ABOUT THIS EXERCISE — The whole set of entries is to be restated word for word.

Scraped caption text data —
========
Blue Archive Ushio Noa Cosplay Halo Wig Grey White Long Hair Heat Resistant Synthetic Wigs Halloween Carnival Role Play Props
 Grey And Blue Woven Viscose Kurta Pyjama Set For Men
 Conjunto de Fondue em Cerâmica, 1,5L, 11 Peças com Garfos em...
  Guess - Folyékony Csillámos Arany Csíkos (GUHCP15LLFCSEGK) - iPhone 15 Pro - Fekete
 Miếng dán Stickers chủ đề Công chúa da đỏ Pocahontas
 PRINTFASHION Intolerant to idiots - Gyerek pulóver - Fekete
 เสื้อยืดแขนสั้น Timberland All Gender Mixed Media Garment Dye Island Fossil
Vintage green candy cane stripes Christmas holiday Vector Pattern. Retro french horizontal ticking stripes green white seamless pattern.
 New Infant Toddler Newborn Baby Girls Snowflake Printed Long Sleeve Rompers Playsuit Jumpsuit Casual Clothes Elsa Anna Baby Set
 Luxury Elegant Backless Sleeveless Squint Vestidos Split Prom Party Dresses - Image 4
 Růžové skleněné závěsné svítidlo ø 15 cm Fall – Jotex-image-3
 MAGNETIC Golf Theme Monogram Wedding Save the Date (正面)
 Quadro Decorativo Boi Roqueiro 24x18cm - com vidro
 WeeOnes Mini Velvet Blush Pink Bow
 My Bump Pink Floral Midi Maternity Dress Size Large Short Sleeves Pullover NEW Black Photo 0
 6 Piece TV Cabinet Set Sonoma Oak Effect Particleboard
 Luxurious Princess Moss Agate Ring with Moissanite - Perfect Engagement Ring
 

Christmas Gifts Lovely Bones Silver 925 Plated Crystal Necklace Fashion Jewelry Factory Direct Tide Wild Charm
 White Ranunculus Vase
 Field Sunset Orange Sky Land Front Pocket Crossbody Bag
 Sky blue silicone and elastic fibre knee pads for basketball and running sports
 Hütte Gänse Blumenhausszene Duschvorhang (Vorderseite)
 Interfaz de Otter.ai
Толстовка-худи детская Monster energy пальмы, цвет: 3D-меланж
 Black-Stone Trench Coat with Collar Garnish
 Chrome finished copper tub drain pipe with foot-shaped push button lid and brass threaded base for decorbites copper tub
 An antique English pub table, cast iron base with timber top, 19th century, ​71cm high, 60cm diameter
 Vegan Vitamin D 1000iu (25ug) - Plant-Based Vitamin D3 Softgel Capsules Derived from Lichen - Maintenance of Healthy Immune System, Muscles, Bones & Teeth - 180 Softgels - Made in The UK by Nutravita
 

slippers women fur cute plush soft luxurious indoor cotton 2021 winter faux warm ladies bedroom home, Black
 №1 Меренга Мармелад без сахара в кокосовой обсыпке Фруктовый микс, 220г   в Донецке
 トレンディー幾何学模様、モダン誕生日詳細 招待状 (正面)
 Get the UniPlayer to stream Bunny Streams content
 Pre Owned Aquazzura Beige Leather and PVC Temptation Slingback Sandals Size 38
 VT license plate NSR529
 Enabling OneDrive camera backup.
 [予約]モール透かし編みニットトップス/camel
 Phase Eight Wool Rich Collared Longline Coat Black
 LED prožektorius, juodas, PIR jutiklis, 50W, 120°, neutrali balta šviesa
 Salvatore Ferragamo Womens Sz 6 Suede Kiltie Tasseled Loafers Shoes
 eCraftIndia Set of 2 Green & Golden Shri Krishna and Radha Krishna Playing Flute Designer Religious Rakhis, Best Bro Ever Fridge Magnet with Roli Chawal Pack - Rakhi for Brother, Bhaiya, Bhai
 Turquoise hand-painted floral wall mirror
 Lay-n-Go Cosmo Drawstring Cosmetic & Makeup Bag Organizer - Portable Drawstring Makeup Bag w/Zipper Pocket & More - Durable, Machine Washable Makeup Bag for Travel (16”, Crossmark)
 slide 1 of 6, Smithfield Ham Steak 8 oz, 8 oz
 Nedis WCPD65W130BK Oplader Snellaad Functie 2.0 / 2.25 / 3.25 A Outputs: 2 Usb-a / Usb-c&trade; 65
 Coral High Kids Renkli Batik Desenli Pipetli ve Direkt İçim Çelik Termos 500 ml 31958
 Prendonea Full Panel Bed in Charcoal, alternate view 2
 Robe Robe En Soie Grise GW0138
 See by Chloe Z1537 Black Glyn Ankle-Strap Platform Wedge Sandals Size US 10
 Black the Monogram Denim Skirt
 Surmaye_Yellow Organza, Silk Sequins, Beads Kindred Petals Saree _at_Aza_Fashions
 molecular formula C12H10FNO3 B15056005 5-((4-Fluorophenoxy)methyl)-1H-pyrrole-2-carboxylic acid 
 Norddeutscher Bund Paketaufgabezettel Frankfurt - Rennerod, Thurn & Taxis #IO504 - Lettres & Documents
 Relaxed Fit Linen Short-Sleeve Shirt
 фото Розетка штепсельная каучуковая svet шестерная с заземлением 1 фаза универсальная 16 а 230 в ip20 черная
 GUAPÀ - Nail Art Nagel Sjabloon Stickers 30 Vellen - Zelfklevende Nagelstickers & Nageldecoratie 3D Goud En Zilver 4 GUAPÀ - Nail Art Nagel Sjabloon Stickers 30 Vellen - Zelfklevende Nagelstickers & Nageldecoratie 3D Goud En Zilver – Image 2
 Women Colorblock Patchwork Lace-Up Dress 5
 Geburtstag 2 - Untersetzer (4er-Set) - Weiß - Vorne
========
RESPONSE TO THE EXERCISE —
Blue Archive Ushio Noa Cosplay Halo Wig Grey White Long Hair Heat Resistant Synthetic Wigs Halloween Carnival Role Play Props
 Grey And Blue Woven Viscose Kurta Pyjama Set For Men
 Conjunto de Fondue em Cerâmica, 1,5L, 11 Peças com Garfos em...
  Guess - Folyékony Csillámos Arany Csíkos (GUHCP15LLFCSEGK) - iPhone 15 Pro - Fekete
 Miếng dán Stickers chủ đề Công chúa da đỏ Pocahontas
 PRINTFASHION Intolerant to idiots - Gyerek pulóver - Fekete
 เสื้อยืดแขนสั้น Timberland All Gender Mixed Media Garment Dye Island Fossil
Vintage green candy cane stripes Christmas holiday Vector Pattern. Retro french horizontal ticking stripes green white seamless pattern.
 New Infant Toddler Newborn Baby Girls Snowflake Printed Long Sleeve Rompers Playsuit Jumpsuit Casual Clothes Elsa Anna Baby Set
 Luxury Elegant Backless Sleeveless Squint Vestidos Split Prom Party Dresses - Image 4
 Růžové skleněné závěsné svítidlo ø 15 cm Fall – Jotex-image-3
 MAGNETIC Golf Theme Monogram Wedding Save the Date (正面)
 Quadro Decorativo Boi Roqueiro 24x18cm - com vidro
 WeeOnes Mini Velvet Blush Pink Bow
 My Bump Pink Floral Midi Maternity Dress Size Large Short Sleeves Pullover NEW Black Photo 0
 6 Piece TV Cabinet Set Sonoma Oak Effect Particleboard
 Luxurious Princess Moss Agate Ring with Moissanite - Perfect Engagement Ring
 

Christmas Gifts Lovely Bones Silver 925 Plated Crystal Necklace Fashion Jewelry Factory Direct Tide Wild Charm
 White Ranunculus Vase
 Field Sunset Orange Sky Land Front Pocket Crossbody Bag
 Sky blue silicone and elastic fibre knee pads for basketball and running sports
 Hütte Gänse Blumenhausszene Duschvorhang (Vorderseite)
 Interfaz de Otter.ai
Толстовка-худи детская Monster energy пальмы, цвет: 3D-меланж
 Black-Stone Trench Coat with Collar Garnish
 Chrome finished copper tub drain pipe with foot-shaped push button lid and brass threaded base for decorbites copper tub
 An antique English pub table, cast iron base with timber top, 19th century, ​71cm high, 60cm diameter
 Vegan Vitamin D 1000iu (25ug) - Plant-Based Vitamin D3 Softgel Capsules Derived from Lichen - Maintenance of Healthy Immune System, Muscles, Bones & Teeth - 180 Softgels - Made in The UK by Nutravita
 

slippers women fur cute plush soft luxurious indoor cotton 2021 winter faux warm ladies bedroom home, Black
 №1 Меренга Мармелад без сахара в кокосовой обсыпке Фруктовый микс, 220г   в Донецке
 トレンディー幾何学模様、モダン誕生日詳細 招待状 (正面)
 Get the UniPlayer to stream Bunny Streams content
 Pre Owned Aquazzura Beige Leather and PVC Temptation Slingback Sandals Size 38
 VT license plate NSR529
 Enabling OneDrive camera backup.
 [予約]モール透かし編みニットトップス/camel
 Phase Eight Wool Rich Collared Longline Coat Black
 LED prožektorius, juodas, PIR jutiklis, 50W, 120°, neutrali balta šviesa
 Salvatore Ferragamo Womens Sz 6 Suede Kiltie Tasseled Loafers Shoes
 eCraftIndia Set of 2 Green & Golden Shri Krishna and Radha Krishna Playing Flute Designer Religious Rakhis, Best Bro Ever Fridge Magnet with Roli Chawal Pack - Rakhi for Brother, Bhaiya, Bhai
 Turquoise hand-painted floral wall mirror
 Lay-n-Go Cosmo Drawstring Cosmetic & Makeup Bag Organizer - Portable Drawstring Makeup Bag w/Zipper Pocket & More - Durable, Machine Washable Makeup Bag for Travel (16”, Crossmark)
 slide 1 of 6, Smithfield Ham Steak 8 oz, 8 oz
 Nedis WCPD65W130BK Oplader Snellaad Functie 2.0 / 2.25 / 3.25 A Outputs: 2 Usb-a / Usb-c&trade; 65
 Coral High Kids Renkli Batik Desenli Pipetli ve Direkt İçim Çelik Termos 500 ml 31958
 Prendonea Full Panel Bed in Charcoal, alternate view 2
 Robe Robe En Soie Grise GW0138
 See by Chloe Z1537 Black Glyn Ankle-Strap Platform Wedge Sandals Size US 10
 Black the Monogram Denim Skirt
 Surmaye_Yellow Organza, Silk Sequins, Beads Kindred Petals Saree _at_Aza_Fashions
 molecular formula C12H10FNO3 B15056005 5-((4-Fluorophenoxy)methyl)-1H-pyrrole-2-carboxylic acid 
 Norddeutscher Bund Paketaufgabezettel Frankfurt - Rennerod, Thurn & Taxis #IO504 - Lettres & Documents
 Relaxed Fit Linen Short-Sleeve Shirt
 фото Розетка штепсельная каучуковая svet шестерная с заземлением 1 фаза универсальная 16 а 230 в ip20 черная
 GUAPÀ - Nail Art Nagel Sjabloon Stickers 30 Vellen - Zelfklevende Nagelstickers & Nageldecoratie 3D Goud En Zilver 4 GUAPÀ - Nail Art Nagel Sjabloon Stickers 30 Vellen - Zelfklevende Nagelstickers & Nageldecoratie 3D Goud En Zilver – Image 2
 Women Colorblock Patchwork Lace-Up Dress 5
 Geburtstag 2 - Untersetzer (4er-Set) - Weiß - Vorne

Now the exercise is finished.